#### DATA SHOWN:
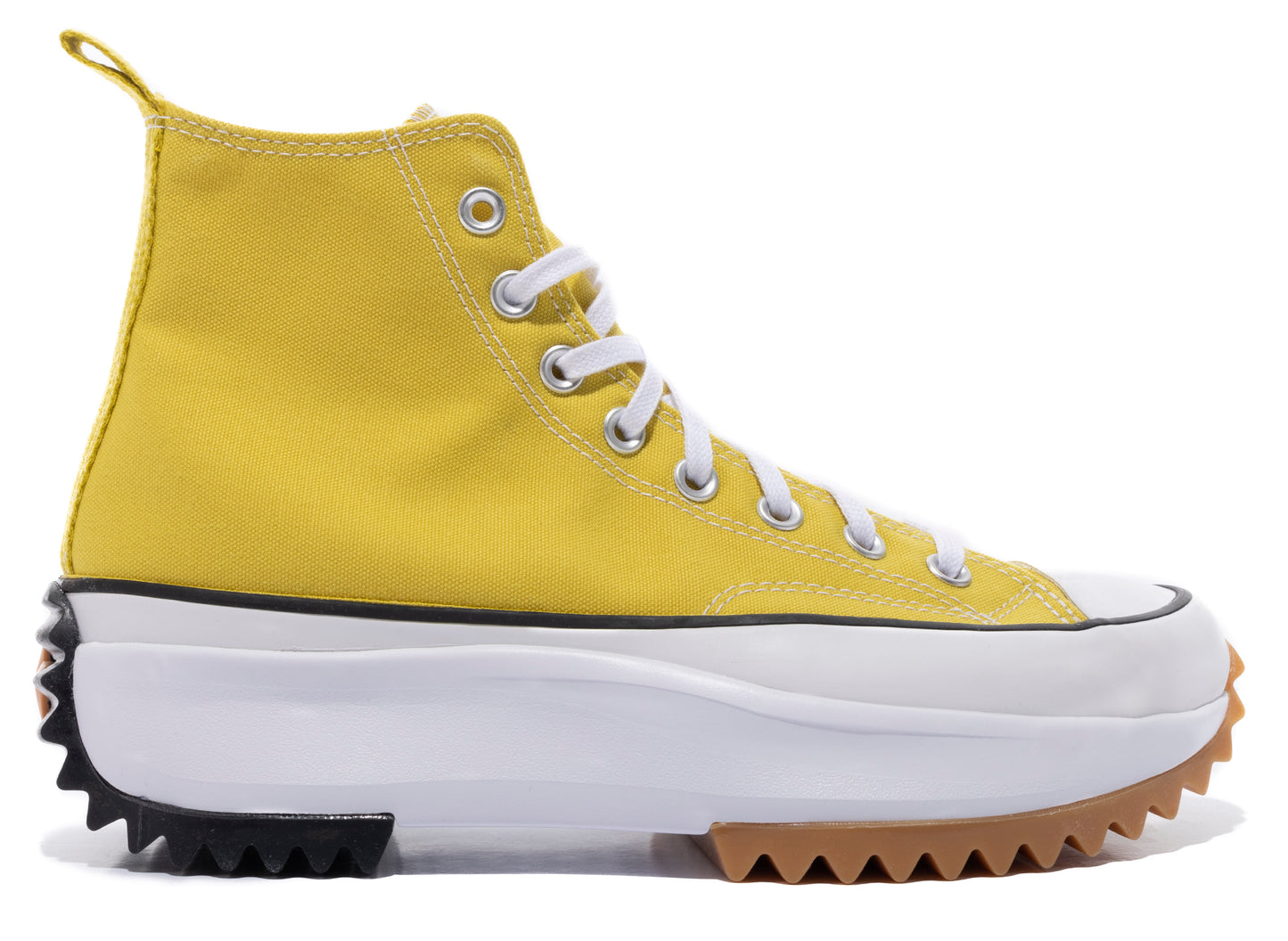 Converse Run Star Hike Hi in Lemon / Black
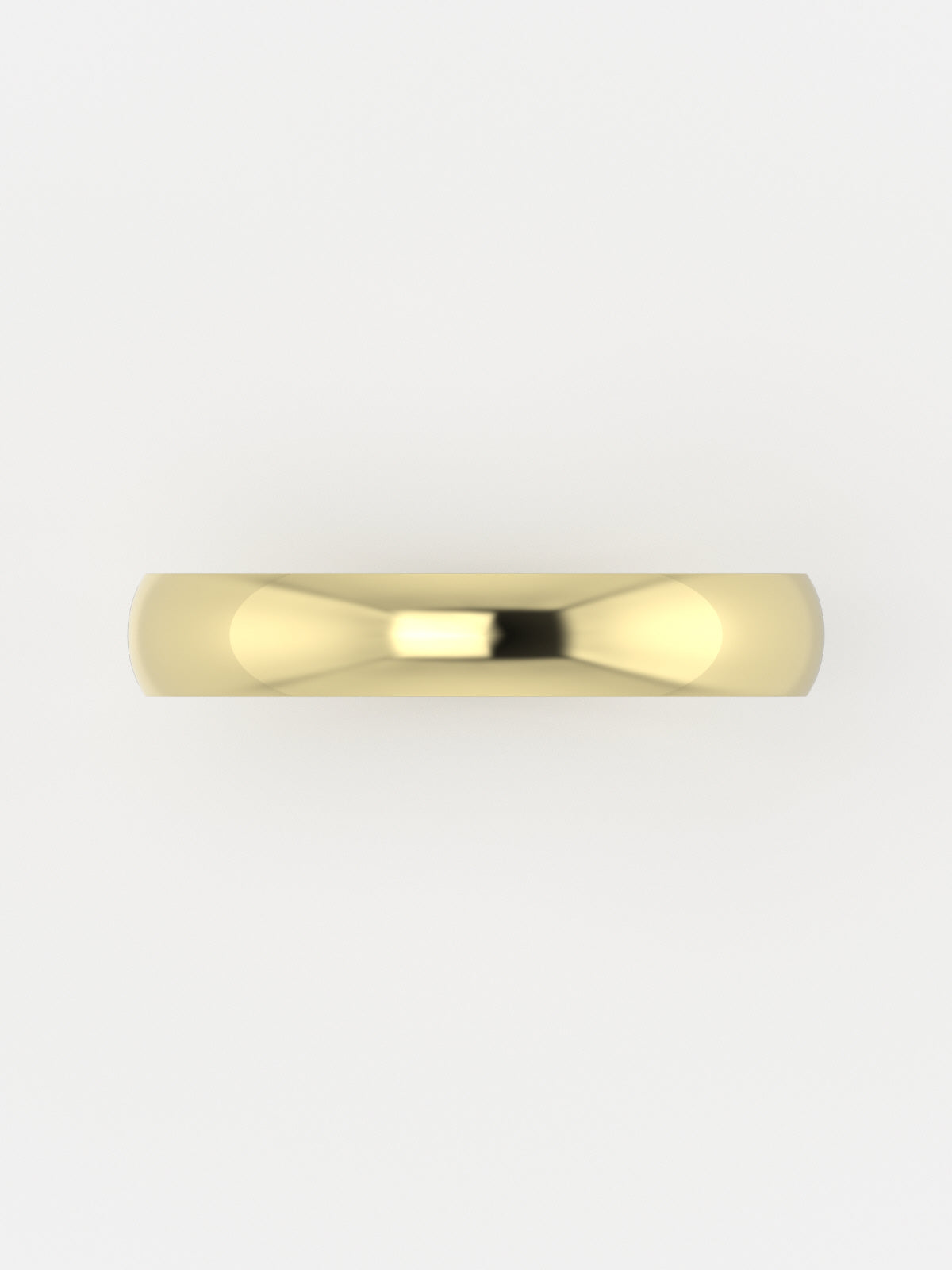 argolla Leon creada por cesia domontero en oro amarillo desde arriba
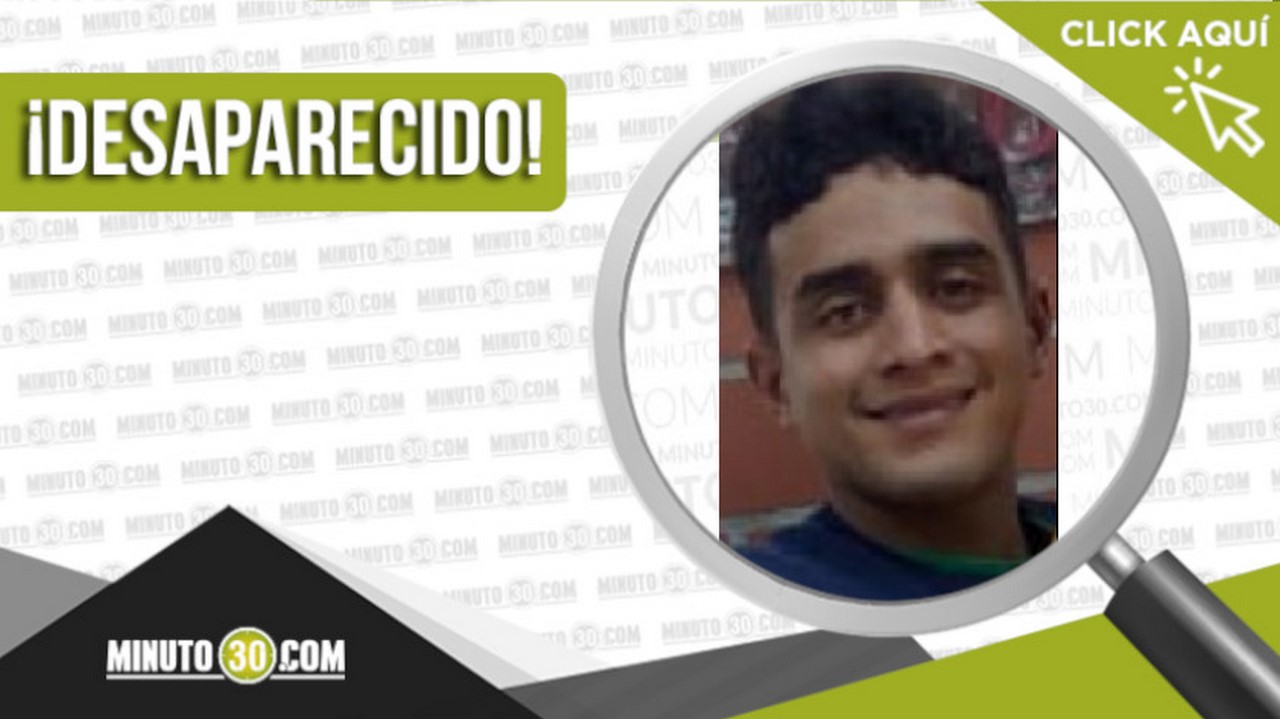 Andrés Felipe Vélez Castaño desaparecido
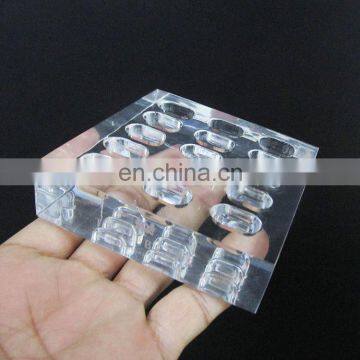 15 Holes High Clear Acrylic Display Holder Base Case For Earring Rings Lipstick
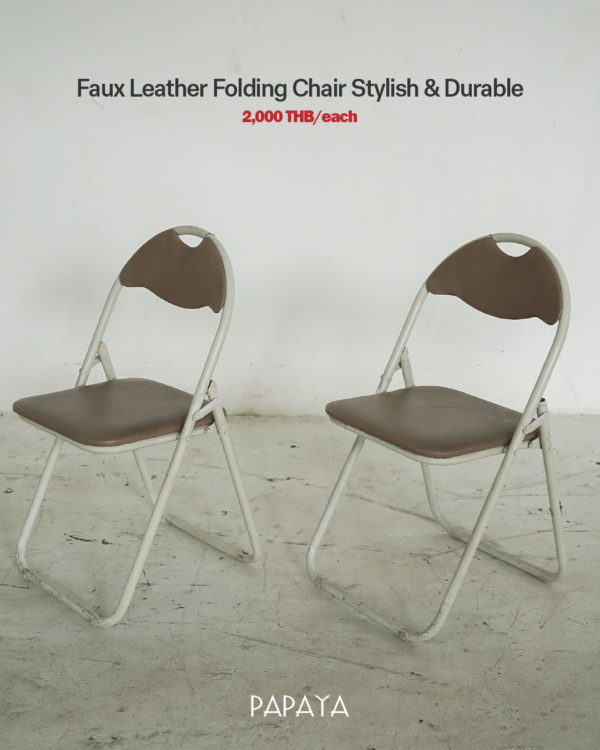 Faux Leather Folding Chair Stylish & Durable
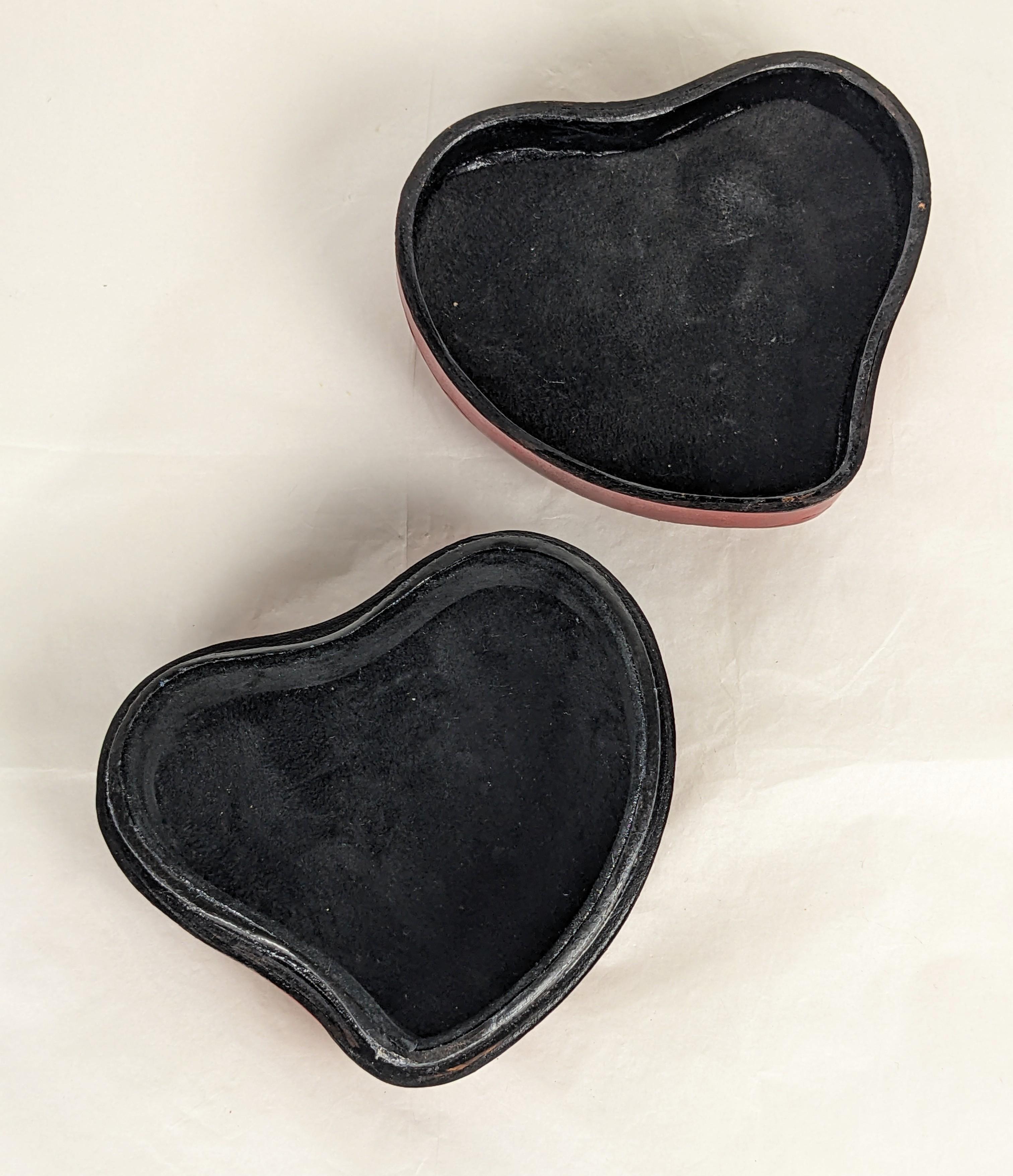 Rara scatola di cuori in pelle di Elsa Peretti per Tiffany in vendita 1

#### EXERCISE AIM:
All lines from the one containing "Faux Leather Folding Chair Stylish & Durable" through the end of the entries, both ends included, should be written out exactly, with no pictures.

#### ANSWER TO THIS PROBLEM:
 Faux Leather Folding Chair Stylish & Durable
 Rara scatola di cuori in pelle di Elsa Peretti per Tiffany in vendita 1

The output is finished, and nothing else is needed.